On sauterait la balustrade.
Ce qui surprend, au premier abord, c’est le mode conditionnel des verbes. Un poème de son premier livre, Mais, au titre paradoxal, est déjà intitulé avec force « Je voudrais ». Les limites étant sûrement une des pierres de touche de toute l’œuvre de Marie-Claire Bancquart, on le rencontre souvent : il occupe une place essentielle, jouant toujours avec ces limites, entre plénitude et incomplétude, entre désir et insatisfaction, entre le rêve et la vie.
Le monde vivant, mais aussi le cosmos, ne peut se concevoir entièrement, selon elle, sans une sorte de contradiction interne violente, écartelante et dans le même temps régénérante. L’appel à sauter dans le vide, pour échapper, peut-être, à cette tension exténuante, ne peut vraiment se conjuguer autrement que comme un rêve irréalisable, qu’il faut pourtant interroger sans relâche. Il s’agit là encore de « heurter l’impossible », d’accepter que seul l’illimité nous limite. Elle déclare dans Explorer l’incertain à propos de La mort, quartier d’orange entre les dents, que « la mort elle-même peut se révéler désirable, si je pense qu’elle va me fondre dans le reste de l’univers. [...] ce [qui] s’exclut, en tous cas, c’est la fascination noire du suicide. » Dans le poème « En retournant vers la joie » en plusieurs mouvements dont sont extraits ces vers luttent divers élans, l’évocation multiforme de nombreux visages du temps à travers des jeux de miroir, des questions-réponses renaissant les unes des autres, des images qui reviennent de loin dans le passé humain ou d’autres qui surgissent dans la vibration d’un battement de cœur. Des espaces s’ouvrent ou se ferment au désir, écartelés entre ombre et lumière aux bords d’un mystère qui chatoie en retournements successifs. Mais quel désir ? Un désir de plénitude, un désir vain si on l’en croit, à moins de demeurer exposé à la mobilité et dans la fugacité d’un « ici et maintenant » dévorant, mais vivante question, seul futur envisageable à la fin de ce poème :
Je suis pigiste de la vie.
Sans regret, mais en question, toujours en question.
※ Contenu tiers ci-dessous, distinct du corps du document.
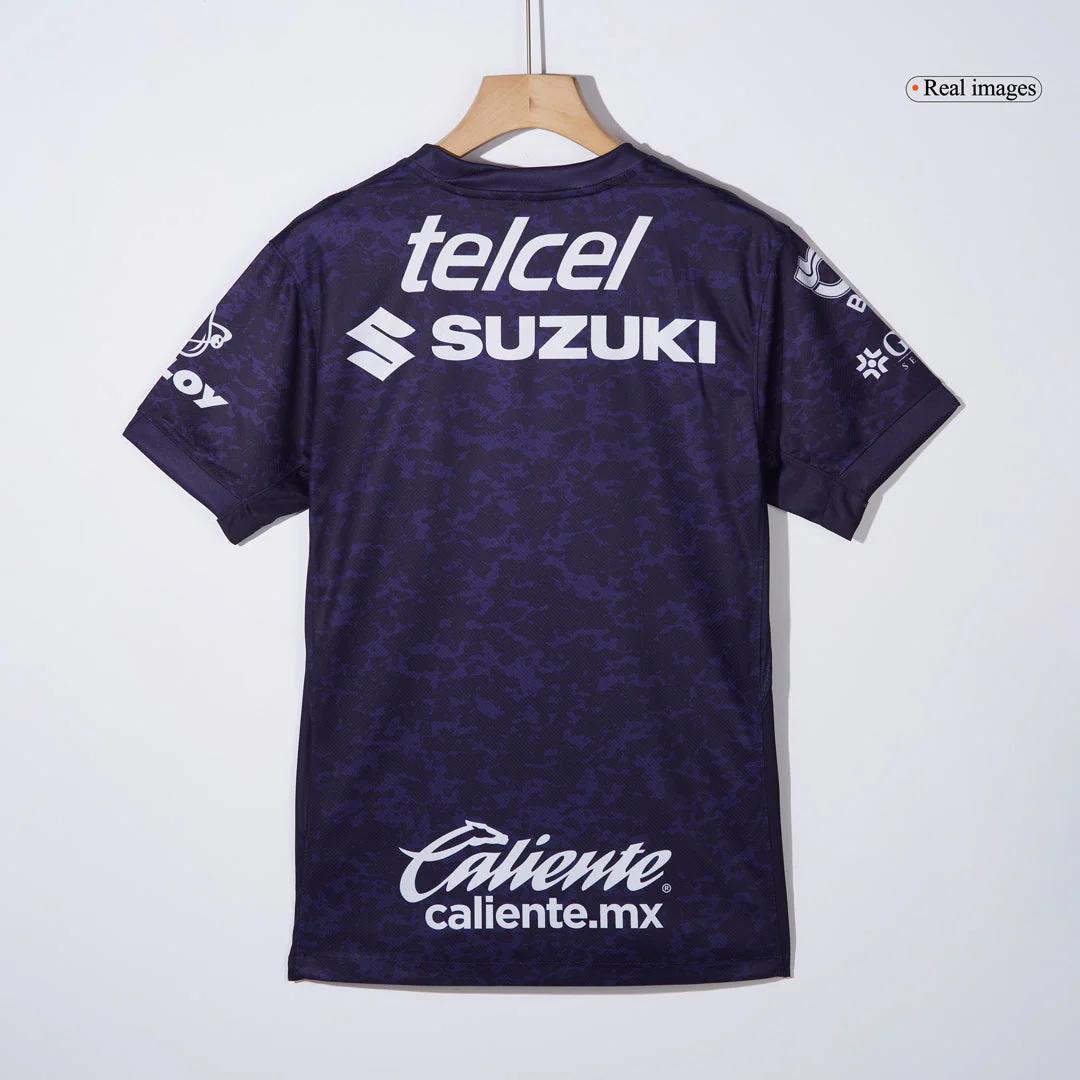 UNAM Third Away Soccer Jersey 2024/25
Verticale du secret, Sens, éditions Obsidiane, 2007, p.30
La poésie de Marie-Claire Bancquart est tout entière habitée par une réflexion sur les vanités. Mais curieusement, même divisée entre des désirs contradictoires de fusion, d’envol, de fuite, de chute, elle met en valeur plutôt l’attachement, l’attention portée aux gestes amoureux, aux petits événements, aux petits animaux, aux petits miroitements de la vie tout aussi menacés que la poète, ce qui ne veut pas dire que celle-ci ne s’interroge pas sans cesse sur les appels de l’infini qui taraudent chacun, seul ou en groupe, qui finissent souvent par des massacres, des actes sans mesure, destructeurs et sans remède. De telles aspirations se déclinent généralement au conditionnel et ce jusqu’ à la fin de sa vie, même si ce conditionnel devient presque un futur antérieur, déjà, dans le présent de ces mots :
À force de travailler l’impossible, il y trouve pour finir un peu d’herbe, quelques pierres, de quoi loger avec le chat, qui n’en demandait même pas tant.
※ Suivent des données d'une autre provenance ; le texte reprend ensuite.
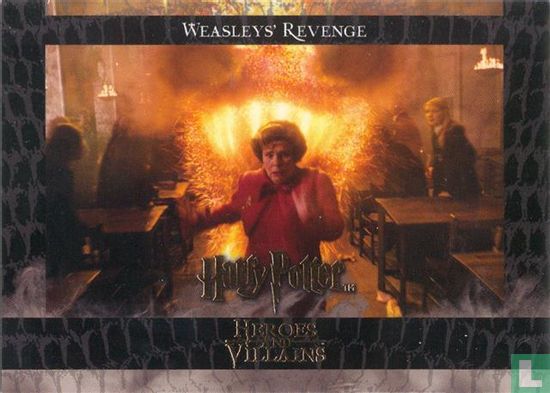 Weasley's Revenge - Image 1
Mots de passe, Bègles, Le castor astral, 2014, p.115
Entre enfermement étanche et ouverture fusionnelle, nous construisons des tours pour nous y enfermer ou nous envoler. En vain. Dans un jeu complexe entre verticalité et horizontalité, la poète avance prudemment, entre parcours labyrinthiques dans l’humus, circulations hâtives et aveugles sans autre horizon qu’elles-mêmes qui fondent le corps vivant et rêves dangereux de brèches voués à l’échec. Elle écrit en acceptant, voire en provoquant l’énigme qui nous rend si précaires. Les poèmes naissent, étonnamment fragiles et opiniâtres dans un mouvement violent, sans illusion :
j’exhibe expressément
mon impermanence
noire ou éblouie
compagne de l’amour et des massacres.
Verticale du secret, Sens, éditions Obsidiane, 2007, p. 29
Il faudrait, comme il est signifié dans Violente vie, abandonner les dérisoires poursuites de l’impossible, suivre plutôt une voie minime (qu’elle nommera aussi « l’intervalle », assemblage savant et mobile de distances et de proximités, de déplacements si légers) :
Moi, je veux bien casser des murs à la trompette
avaler le soleil
fuir en dirigeable
mais à quoi bon ? Je n’échapperai pas.
Plutôt se dérouter
rêver d’une très petite bête
qui se serrerait dans notre chaleur.
Violente vie, Paris, éditions Le castor astral, 2012, p. 19
À la fin d’Explorer l’incertain, livre plus directement réflexif que d’autres, Marie-Claire Bancquart met longuement en scène Icare. Il est difficile de ne pas penser à lui s’il s’agit de tenter de piéger notre finitude, mais aussi de lutter contre une sorte d’impuissance constitutive ; figure de Janus d’un même élan difficile à cerner, voire impossible à identifier nettement. Il faudrait ne pas se tromper de désir, ne pas se laisser séduire à en mourir par un rêve d’absolu trop brillant toujours renaissant :
Ce que nous risquons : la bourrasque
dans laquelle Icare aux ailes brûlées
comprit cruellement que l’ombre tutoie le soleil.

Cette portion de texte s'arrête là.